Dans Les Ménechmes, Ménechme-Sosicle débarque dans une île sans savoir
que son frère (Ménechme-Ravi) y séjourne : d’où le quiproquo, jusqu’à la
reconnaissance finale[1].
Ménechme-Sosicle, effrayé par tous les gens qui le prennent pour son frère et
qui le croient fou parce qu’il ne les reconnaît pas, est amené à feindre la
folie, tandis que le doute envahi Ménechme-Ravi :
« Il faut que je sois fou si tout le monde est sage…
…Je commence à douter si je ne le suis point. » (IV, 6).
Il en est de même dans Les Sosies (adapté de L’Amphytrion
de Plaute) : le thème du double est une fois de plus lié à une
réflexion sur la vanité des apparences, sur le doute et la folie :
« Quelque savant démon, en la magie expert,
Fait qu’ainsi tout se change, et se double, et se
perd. » (III,
3).
Chacun de ces textes se présente comme le double (à la fois
le même et l’autre : traduction, adaptation, parodie, prolongement) d’un
autre texte : Les Folies de Cardenio/Don Quichotte, Le Roland
furieux/Orlando furioso, Les Ménechmes et Les Sosies/les deux pièces
grecques correspondantes, La Suite du Menteur/ Le Menteur. Corneille
ajoute une référence explicite à la réalité dont la pièce serait le
double : Le Menteur serait le double théâtral des vraies
aventures de Dorante, qui apparaît en personne dans La Suite du
Menteur ; mais cette « sortie » hors de la littérature n’est
qu’illusoire et ici s’ébauchent évidemment la circulation continue, vaste et
close, le renvoi hasardeux, d’un texte à l’autre.
-
Stratagèmes : La Célie de La Pèlerine amoureuse[2],
ne voulant pas épouser l’homme que son père lui destine, simule la folie ;
elle feint de se prendre pour la lune ; le stratagème réussit, la pièce
finit mal.
Dans La Bague de
l’oubli (de Rotrou également), la folie du roi est provoquée par un bijou
enchanté qui rend amnésique ;toutes les péripéties de la pièce s’ordonnent
autour d’un geste du personnage : l’action de mettre ou de quitter la
bague (notons ici, de plus, un certain rapport entre le sujet de la pièce et le
conte de fées) ; peu à peu, le roi devine le stratagème et, pour
surprendre les coupables, feint la folie – la bague magique agissant sur la
volonté d’un personnage et le faisant passer pour fou se retrouve dans une
autre pièce de Rotrou, L’Innocente Infidélité ; son dénouement est
dramatique : les coupables emprisonnés deviennent « furieux »[3].
-
Vérité : si
la folie obscurcit, embrouille, elle peut aussi éclairer, favoriser le
dénouement de l’intrigue ; Corneille écrit dans l’ Examen de Mélite :
« La folie d’Eraste n’est pas de meilleure trempe. Je la condamnais dès
lors dans mon âme, mais comme c’était un ornement de théâtre qui ne manquait
jamais de plaire, et se faisait souvent admirer, j’affectai volontiers ces
grands égarements, et en tirai un effet que je tiendrais encore pour admirable
en ce temps ; c’est la manière dont Eraste fait connaître à Philandre, en
le prenant pour Minos, la fourbe qu’il lui a faite et l’erreur où il l’a jeté.
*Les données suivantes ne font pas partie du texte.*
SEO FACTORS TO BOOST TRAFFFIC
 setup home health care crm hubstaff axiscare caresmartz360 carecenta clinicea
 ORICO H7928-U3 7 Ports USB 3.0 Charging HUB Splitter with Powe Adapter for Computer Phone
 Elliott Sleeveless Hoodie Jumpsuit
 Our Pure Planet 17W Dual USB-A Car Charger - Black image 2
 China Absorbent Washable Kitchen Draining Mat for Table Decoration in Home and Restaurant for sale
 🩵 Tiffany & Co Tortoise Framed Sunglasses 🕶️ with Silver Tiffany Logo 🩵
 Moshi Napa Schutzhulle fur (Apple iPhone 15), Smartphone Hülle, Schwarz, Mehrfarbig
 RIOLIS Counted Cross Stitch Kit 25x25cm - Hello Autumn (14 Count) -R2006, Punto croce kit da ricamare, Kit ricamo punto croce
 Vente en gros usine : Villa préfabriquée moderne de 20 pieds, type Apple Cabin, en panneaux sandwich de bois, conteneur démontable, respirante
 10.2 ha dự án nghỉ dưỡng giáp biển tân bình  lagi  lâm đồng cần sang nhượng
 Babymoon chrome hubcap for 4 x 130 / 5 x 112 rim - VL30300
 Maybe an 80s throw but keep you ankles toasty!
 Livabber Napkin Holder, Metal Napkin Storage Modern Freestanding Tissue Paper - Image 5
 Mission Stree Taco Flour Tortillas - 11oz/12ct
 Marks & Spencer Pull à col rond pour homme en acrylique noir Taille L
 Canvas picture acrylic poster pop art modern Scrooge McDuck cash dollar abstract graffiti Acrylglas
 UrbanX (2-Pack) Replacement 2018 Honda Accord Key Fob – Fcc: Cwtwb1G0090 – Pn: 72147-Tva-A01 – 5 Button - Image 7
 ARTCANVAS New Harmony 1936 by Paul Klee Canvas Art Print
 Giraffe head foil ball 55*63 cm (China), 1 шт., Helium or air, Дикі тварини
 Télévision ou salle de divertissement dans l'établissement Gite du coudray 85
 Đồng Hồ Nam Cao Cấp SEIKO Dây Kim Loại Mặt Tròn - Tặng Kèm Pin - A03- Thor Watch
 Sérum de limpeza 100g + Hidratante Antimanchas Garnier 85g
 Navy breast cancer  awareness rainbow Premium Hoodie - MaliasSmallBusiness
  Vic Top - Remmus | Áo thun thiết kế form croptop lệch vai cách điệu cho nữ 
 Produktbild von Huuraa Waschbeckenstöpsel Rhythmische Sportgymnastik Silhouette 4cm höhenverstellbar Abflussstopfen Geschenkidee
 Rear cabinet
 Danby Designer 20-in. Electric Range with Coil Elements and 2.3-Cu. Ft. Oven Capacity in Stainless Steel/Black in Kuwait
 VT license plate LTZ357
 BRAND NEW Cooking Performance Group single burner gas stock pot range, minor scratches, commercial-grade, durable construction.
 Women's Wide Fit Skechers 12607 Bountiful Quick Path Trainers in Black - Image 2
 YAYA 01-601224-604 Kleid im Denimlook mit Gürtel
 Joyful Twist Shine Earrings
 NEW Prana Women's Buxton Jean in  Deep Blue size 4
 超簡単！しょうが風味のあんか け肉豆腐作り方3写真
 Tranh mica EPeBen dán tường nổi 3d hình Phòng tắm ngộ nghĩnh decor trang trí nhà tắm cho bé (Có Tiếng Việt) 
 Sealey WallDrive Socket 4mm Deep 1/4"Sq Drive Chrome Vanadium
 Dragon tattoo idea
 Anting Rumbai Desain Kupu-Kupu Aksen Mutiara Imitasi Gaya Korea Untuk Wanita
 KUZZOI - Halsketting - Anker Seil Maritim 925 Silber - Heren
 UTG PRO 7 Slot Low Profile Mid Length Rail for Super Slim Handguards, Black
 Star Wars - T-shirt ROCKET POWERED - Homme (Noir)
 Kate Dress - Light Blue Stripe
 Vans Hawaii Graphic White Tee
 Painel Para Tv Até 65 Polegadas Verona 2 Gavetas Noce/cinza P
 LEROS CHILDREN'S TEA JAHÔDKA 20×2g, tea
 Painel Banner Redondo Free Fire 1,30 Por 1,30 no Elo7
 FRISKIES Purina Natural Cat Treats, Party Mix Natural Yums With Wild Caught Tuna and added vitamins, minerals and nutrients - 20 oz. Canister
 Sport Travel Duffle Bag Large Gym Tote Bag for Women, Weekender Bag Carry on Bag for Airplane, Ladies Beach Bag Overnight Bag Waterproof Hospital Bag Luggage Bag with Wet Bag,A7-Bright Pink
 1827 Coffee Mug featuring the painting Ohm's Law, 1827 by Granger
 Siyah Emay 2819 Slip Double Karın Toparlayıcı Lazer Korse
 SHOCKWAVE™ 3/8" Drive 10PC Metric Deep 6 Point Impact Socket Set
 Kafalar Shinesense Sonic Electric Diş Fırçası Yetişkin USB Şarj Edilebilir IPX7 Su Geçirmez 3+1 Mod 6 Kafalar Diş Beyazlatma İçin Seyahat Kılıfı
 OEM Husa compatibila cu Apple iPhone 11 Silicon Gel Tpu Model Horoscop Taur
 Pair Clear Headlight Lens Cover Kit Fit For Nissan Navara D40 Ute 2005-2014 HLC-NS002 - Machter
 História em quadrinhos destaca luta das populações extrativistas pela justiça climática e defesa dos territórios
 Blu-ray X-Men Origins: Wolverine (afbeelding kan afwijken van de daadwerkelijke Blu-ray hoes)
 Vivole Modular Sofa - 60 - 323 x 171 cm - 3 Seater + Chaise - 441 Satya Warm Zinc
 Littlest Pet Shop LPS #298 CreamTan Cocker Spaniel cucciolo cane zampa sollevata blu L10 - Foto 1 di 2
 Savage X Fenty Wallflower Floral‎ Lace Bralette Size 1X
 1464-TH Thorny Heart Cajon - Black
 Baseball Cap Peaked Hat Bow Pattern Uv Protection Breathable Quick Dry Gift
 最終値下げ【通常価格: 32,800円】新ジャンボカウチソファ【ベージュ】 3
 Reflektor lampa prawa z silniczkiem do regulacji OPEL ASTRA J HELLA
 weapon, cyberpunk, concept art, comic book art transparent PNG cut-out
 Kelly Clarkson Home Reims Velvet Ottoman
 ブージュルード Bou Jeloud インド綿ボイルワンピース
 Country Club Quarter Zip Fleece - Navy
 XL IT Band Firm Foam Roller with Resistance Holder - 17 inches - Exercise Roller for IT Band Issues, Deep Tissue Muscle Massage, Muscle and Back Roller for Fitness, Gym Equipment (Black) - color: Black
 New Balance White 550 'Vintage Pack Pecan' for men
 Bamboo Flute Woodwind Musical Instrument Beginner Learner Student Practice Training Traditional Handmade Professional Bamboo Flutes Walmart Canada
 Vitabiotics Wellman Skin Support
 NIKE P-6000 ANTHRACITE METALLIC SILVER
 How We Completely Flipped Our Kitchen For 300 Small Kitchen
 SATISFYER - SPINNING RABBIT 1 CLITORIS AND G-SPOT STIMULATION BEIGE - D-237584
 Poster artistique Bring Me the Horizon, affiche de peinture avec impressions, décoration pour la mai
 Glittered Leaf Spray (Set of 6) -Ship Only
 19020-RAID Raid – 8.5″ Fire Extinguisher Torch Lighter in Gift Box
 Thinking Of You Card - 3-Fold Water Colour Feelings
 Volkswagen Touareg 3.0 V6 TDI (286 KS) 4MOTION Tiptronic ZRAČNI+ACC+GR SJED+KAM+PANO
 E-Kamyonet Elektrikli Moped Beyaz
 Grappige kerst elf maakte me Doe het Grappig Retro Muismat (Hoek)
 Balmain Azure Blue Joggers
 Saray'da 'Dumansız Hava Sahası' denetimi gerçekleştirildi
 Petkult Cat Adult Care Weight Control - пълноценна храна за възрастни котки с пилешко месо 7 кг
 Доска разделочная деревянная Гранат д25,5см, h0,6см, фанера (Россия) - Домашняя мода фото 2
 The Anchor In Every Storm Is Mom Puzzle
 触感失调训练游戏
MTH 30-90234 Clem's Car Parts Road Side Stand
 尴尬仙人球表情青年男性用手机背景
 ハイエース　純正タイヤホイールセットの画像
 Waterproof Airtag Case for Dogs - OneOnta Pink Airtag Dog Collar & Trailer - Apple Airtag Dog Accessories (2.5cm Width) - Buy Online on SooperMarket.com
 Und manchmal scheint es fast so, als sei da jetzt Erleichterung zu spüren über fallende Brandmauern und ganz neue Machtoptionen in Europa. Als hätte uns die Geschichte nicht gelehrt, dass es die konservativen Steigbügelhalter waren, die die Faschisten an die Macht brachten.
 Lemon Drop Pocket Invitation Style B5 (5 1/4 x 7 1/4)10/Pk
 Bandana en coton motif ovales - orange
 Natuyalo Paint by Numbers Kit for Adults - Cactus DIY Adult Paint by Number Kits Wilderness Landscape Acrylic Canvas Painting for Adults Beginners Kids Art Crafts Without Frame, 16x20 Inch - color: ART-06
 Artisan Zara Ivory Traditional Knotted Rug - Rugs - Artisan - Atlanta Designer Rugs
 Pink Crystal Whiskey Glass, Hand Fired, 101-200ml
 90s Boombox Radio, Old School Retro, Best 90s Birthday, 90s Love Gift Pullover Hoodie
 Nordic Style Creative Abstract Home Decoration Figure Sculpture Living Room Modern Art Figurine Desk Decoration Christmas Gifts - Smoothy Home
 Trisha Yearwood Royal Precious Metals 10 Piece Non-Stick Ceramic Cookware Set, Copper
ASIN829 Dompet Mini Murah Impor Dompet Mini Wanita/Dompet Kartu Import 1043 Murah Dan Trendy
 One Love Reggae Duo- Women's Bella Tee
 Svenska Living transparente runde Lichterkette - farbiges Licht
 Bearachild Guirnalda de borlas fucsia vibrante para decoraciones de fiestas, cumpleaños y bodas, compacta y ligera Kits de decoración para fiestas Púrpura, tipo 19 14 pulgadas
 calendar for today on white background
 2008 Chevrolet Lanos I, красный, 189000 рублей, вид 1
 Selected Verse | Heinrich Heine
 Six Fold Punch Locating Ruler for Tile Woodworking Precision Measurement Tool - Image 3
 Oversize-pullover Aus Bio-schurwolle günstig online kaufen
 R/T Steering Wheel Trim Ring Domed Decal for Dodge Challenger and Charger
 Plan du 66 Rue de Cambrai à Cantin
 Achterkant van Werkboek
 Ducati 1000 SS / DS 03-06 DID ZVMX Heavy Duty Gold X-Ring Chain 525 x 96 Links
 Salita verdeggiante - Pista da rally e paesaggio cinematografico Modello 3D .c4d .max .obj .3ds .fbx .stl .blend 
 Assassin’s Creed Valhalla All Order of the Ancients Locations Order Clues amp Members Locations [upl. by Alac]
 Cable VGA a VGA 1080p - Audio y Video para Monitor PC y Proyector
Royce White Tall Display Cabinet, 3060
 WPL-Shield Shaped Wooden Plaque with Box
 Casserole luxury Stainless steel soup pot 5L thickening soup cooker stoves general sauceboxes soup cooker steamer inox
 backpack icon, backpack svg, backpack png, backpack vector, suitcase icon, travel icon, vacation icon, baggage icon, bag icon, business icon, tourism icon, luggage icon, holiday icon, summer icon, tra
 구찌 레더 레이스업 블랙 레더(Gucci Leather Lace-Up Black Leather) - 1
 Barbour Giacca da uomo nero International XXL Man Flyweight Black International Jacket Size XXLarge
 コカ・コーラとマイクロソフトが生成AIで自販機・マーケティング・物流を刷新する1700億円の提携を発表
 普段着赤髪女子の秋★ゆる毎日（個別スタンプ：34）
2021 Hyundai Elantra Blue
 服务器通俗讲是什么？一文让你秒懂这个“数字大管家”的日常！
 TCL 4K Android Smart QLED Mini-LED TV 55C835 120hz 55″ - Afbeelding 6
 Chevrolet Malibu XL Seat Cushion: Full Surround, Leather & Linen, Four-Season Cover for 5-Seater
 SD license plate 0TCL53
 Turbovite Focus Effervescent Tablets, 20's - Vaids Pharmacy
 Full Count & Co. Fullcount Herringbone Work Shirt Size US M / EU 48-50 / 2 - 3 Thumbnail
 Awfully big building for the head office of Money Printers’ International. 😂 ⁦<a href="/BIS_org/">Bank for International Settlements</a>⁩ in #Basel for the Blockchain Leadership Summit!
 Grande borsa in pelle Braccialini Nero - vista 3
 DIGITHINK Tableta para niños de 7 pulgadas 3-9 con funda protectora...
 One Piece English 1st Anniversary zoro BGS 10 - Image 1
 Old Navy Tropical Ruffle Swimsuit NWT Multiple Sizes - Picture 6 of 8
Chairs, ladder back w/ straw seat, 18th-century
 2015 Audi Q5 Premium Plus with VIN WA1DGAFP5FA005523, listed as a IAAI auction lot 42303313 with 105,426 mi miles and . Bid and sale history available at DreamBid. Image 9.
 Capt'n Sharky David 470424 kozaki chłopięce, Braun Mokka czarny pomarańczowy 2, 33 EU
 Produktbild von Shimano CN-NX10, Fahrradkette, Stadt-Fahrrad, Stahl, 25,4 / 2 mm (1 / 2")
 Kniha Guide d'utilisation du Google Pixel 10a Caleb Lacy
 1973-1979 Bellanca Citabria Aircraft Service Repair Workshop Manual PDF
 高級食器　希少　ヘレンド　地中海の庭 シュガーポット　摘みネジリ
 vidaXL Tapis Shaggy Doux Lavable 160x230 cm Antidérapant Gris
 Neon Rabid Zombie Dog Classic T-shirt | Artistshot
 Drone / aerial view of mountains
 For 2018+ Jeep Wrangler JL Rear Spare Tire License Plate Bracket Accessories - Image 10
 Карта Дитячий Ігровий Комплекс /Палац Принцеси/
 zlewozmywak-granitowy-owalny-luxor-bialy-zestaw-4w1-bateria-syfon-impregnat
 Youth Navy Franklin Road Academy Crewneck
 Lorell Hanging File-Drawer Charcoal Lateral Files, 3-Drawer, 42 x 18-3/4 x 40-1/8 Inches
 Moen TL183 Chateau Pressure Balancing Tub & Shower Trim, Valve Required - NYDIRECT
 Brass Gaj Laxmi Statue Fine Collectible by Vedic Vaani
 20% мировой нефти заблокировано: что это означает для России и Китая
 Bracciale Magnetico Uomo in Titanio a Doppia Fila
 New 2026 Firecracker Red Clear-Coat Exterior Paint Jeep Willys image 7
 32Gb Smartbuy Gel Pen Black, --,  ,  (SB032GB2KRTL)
Dans tout ce que j’ai fait depuis, je ne pense pas qu’il se rencontre rien de
plus adroit pour un dénouement » ; le danger de
« gratuité », de non-efficacité, de non-participation du monologue du
fou à l’ « économie » du spectacle, à la production du
« sens », est sous-entendu.[4]
[1]
Shakespeare a adapté lui aussi cette pièce de Plaute et en a fait une
comédie : La Comédie des erreurs.
[2]
Tragi-comédie de Rotrou.
[3] Ce jeu illusoire se retrouve sans la présence
de la folie dans L’Esprit follet de D’Ouville et Les Songes des homme
éveillés, de Brosse, où un ou plusieurs personnages par la mise en œuvre
(en scène) de différents stratagèmes abusent ou amusent les autres personnages.
On retrouve ici le mélange des impressions du rêve et de la veille, la
confusion entre réalité et fiction.
[4] Une remarque technique s’ajoute à cette
considération : « Mais du troisième au quatrième [actes] il
n’est pas besoin de plus d’une heure, et il en faut encore moins entre les deux
derniers, de peur de donner le temps de se ralentir à cette chaleur qui jette
Eraste dans l’égarement d’esprit. » Le rapport entre la nécessité
dramatique et la folie s’inverse. Le vraisemblable apparaît là où on ne
l’attendait pas et impose un certain ordre.